When Colin was declarer he would go into deep thought and just by reflex would reach out and light a cigarette while he was thinking — well, against the Australians Colin was clearly presented with a difficult declarer play problem as halfway through the hand one of our opponents pointed out that he had three cigarettes going at the same time!
Now to the hand, which is one of those that players will rarely ever get right at the table but may well get right when they see it in a newspaper because they might actually think about their play.
•N/S Vul East Dealer — Teams
NORTH
S AJ63
H 10
D AK5
C A8762
SOUTH
S KQ2
H 7
D J87643
C KJ4
East opened three hearts and after South passed West raised to four Hearts — North made a takeout double and South’s five Diamond bid bought the contract.
West lead a heart to East’s King and East returned the spade ten — over to you and remember, this is teams and all you want to do is find the best play to ensure your contract.
South won the spade and played a low diamond to the Ace — down one. East showed out and now the contract slid to defeat.
The full hand:
NORTH
S AJ63
H 10
D AK5
C A8762
EAST
S 109
H AKJ9832
D None
CQ953
WEST
S 8754
H Q654
DQ1092
C10
SOUTH
S KQ2
H 7
D J87643
C KJ4
Now do you see the right play? No? Try again. Lead the three of Diamonds and when West plays the two you insert the five.

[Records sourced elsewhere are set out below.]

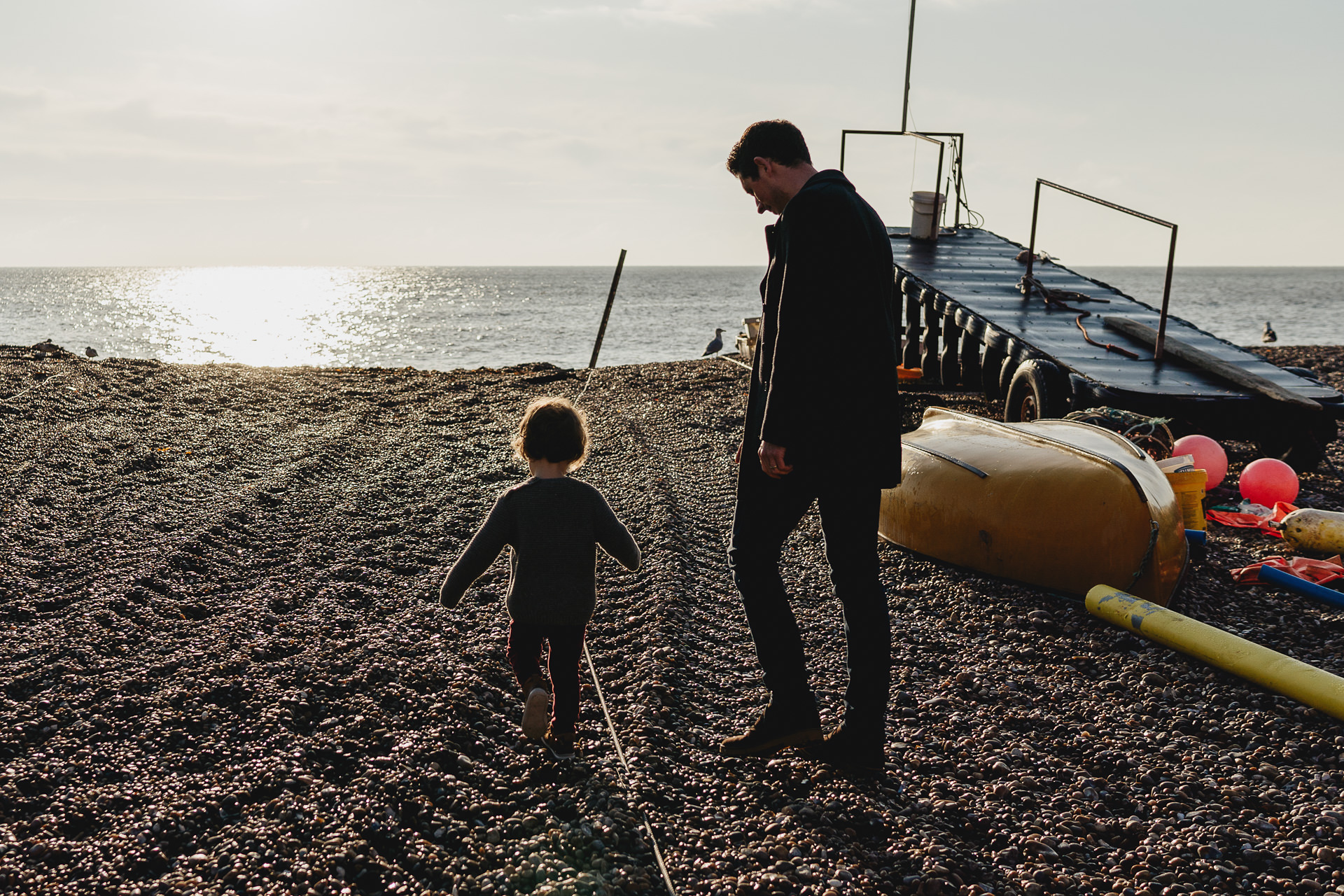 A father and son walking onto the beach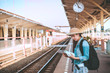 © reewungjunerr - Asian tourist wait train at train station,thailand hipster man go to travel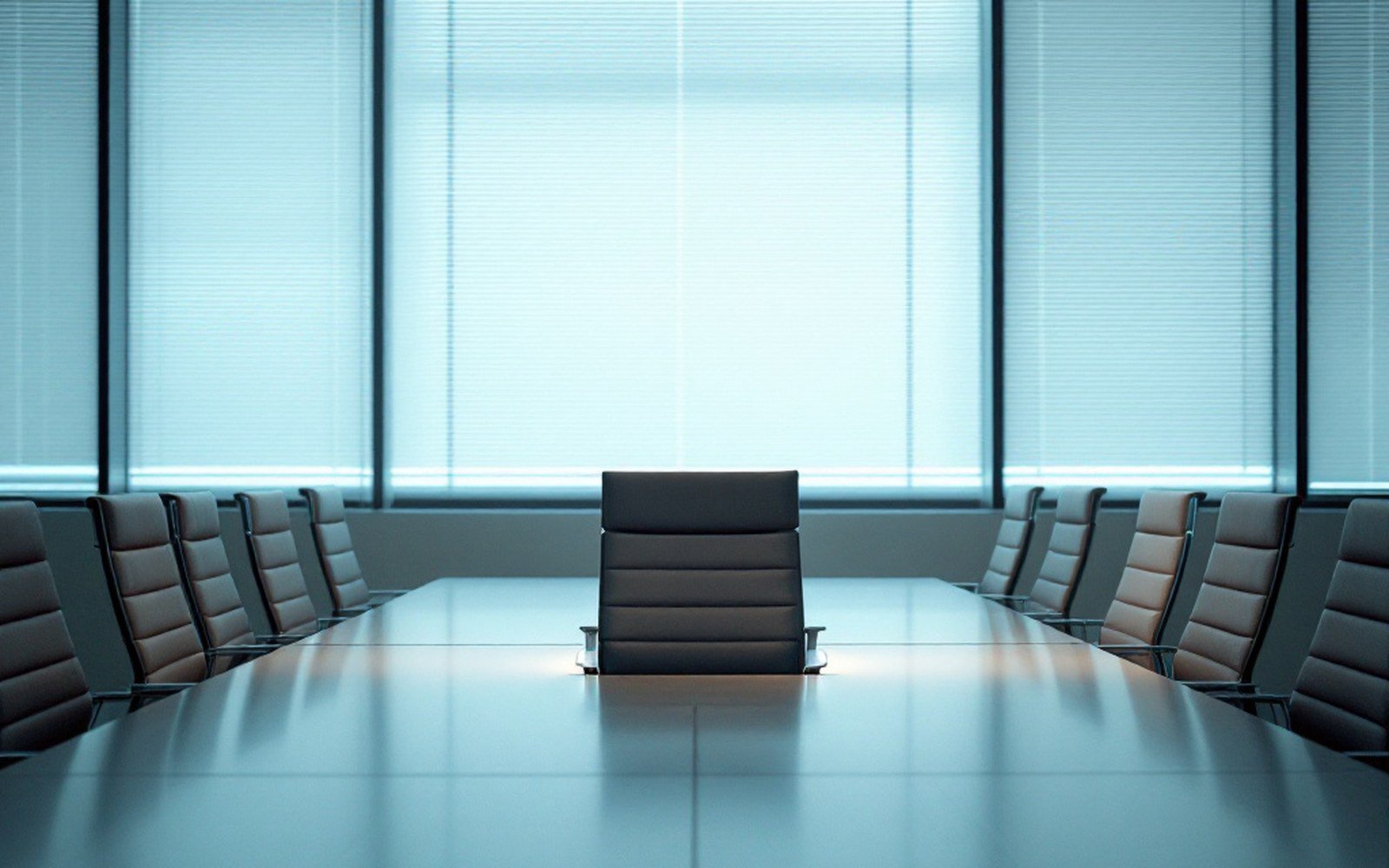 Empty chair facing away in a bare meeting room with half-shut blinds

This will usually lose to the nine, ten or Queen on your right but at least the suit is breaking no worse than 3-1 and your contract is assured as the diamonds are now coming in. On the actual hand the five holds the trick and the contract makes.
Notice that the correct play from West is the two of diamonds — if he plays the nine you can now always keep your diamond losers to one by coming back to hand and playing the jack and now West can never get two tricks. Would you have got it at the table? Liar! Next question — how would you play five diamonds if it was pairs and not teams and overtricks were important?
Well, I think you play Ace and go down one. The odds favour the diamonds breaking or a singleton queen in one hand, so that is the right play at pairs, but not at teams, where making the contract is all that counts.
Not easy at the table, but that is what separates the experts from the rest as they will always get these right.